*EXERCISE PROMPT*
The range runs from the line containing "Wholesale Commercial 304" to the last line of the entries. Restate those lines word for word, without the pictures.

[Brief descriptive captions]
'''
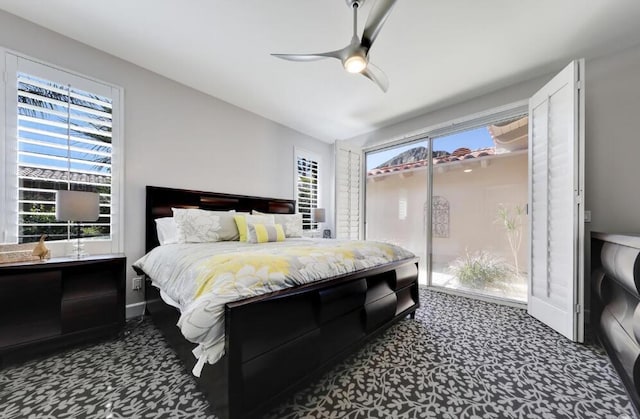 bedroom with ceiling fan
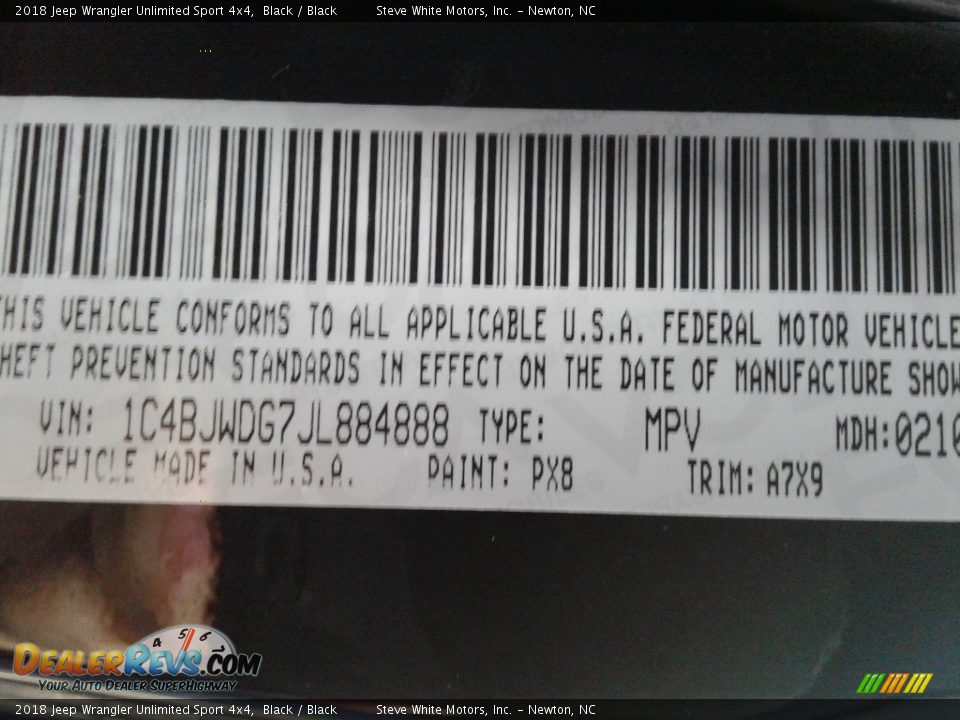 2018 Jeep Wrangler Unlimited Sport 4x4 Black / Black Photo #31
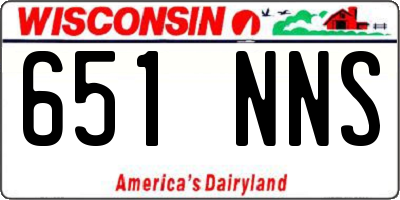 WI license plate 651NNS
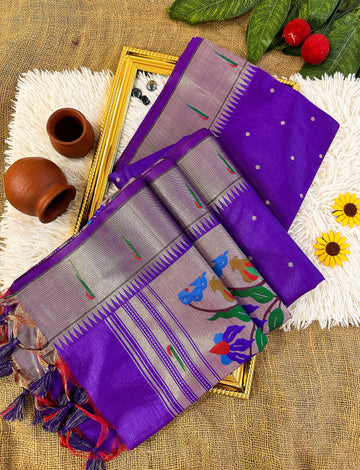 Soft Khadi Raw Silk Purpule Saree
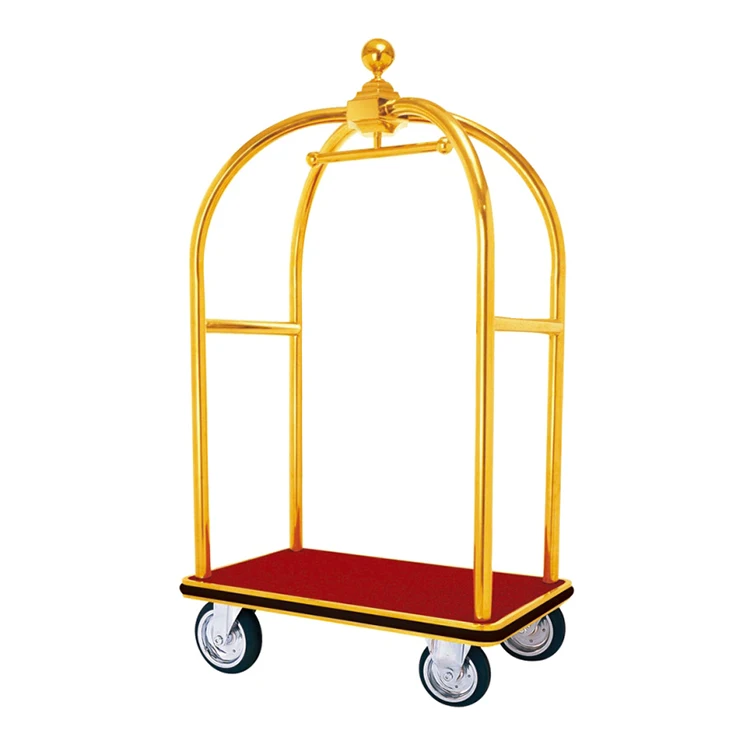 

Wholesale Commercial 304 Stainless Steel Hotel Titanium Gold Bellman Luggage Cart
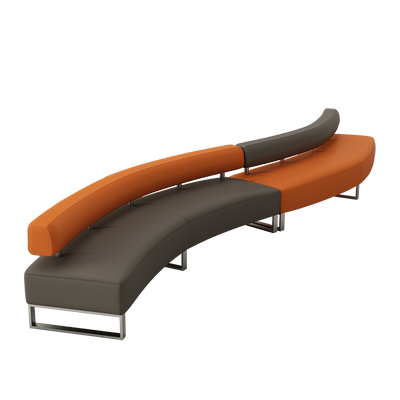 雨荨皮等待区可定制卡座沙发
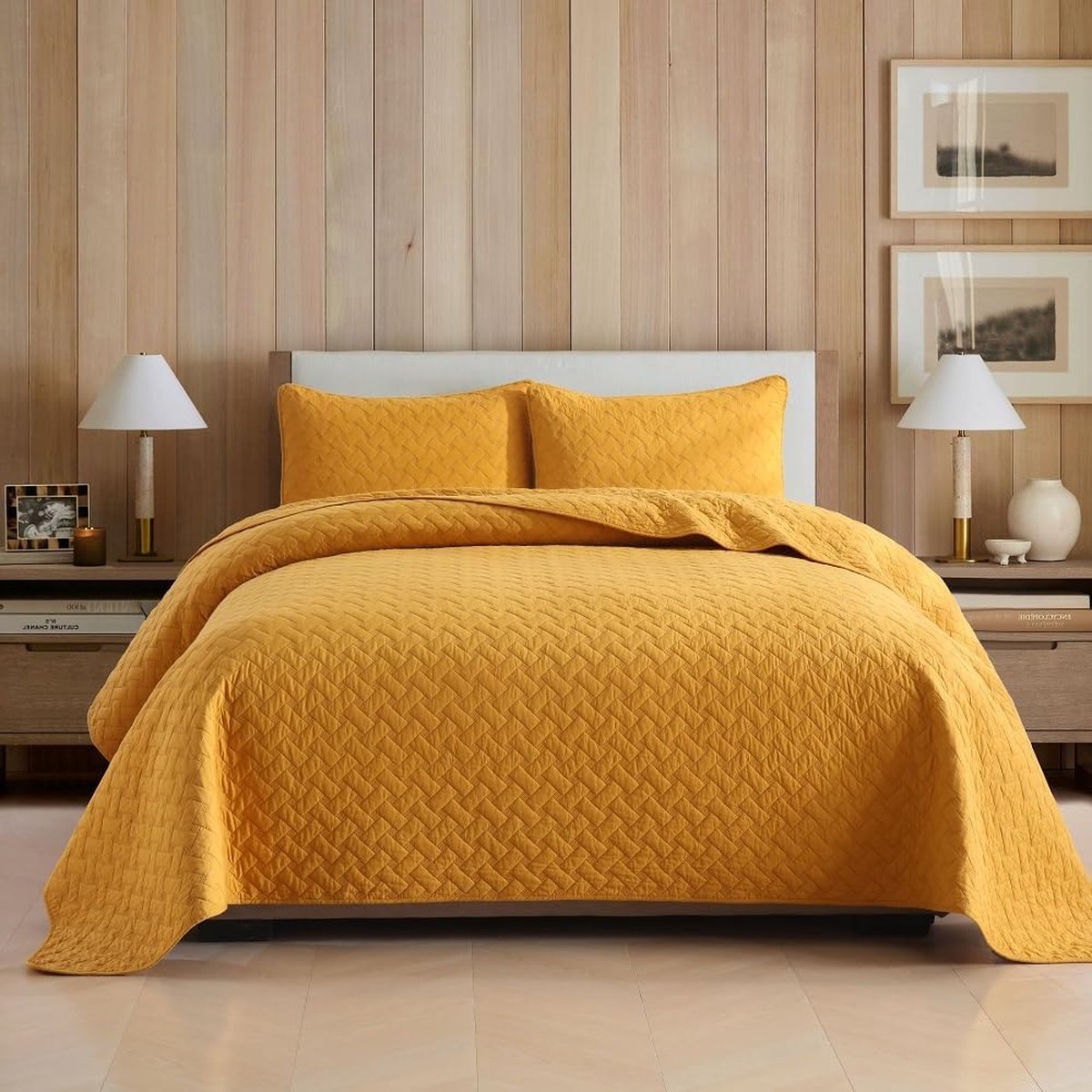 Goodivery ® Zachte Katoenen Bedsprei Set voor Tweepersoonsbed met Kussenhoezen, All-Season Dekbed, Geel, 230 x 250 cm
'''
*RESULT OF THE EXERCISE*
Wholesale Commercial 304 Stainless Steel Hotel Titanium Gold Bellman Luggage Cart
 雨荨皮等待区可定制卡座沙发
 Goodivery ® Zachte Katoenen Bedsprei Set voor Tweepersoonsbed met Kussenhoezen, All-Season Dekbed, Geel, 230 x 250 cm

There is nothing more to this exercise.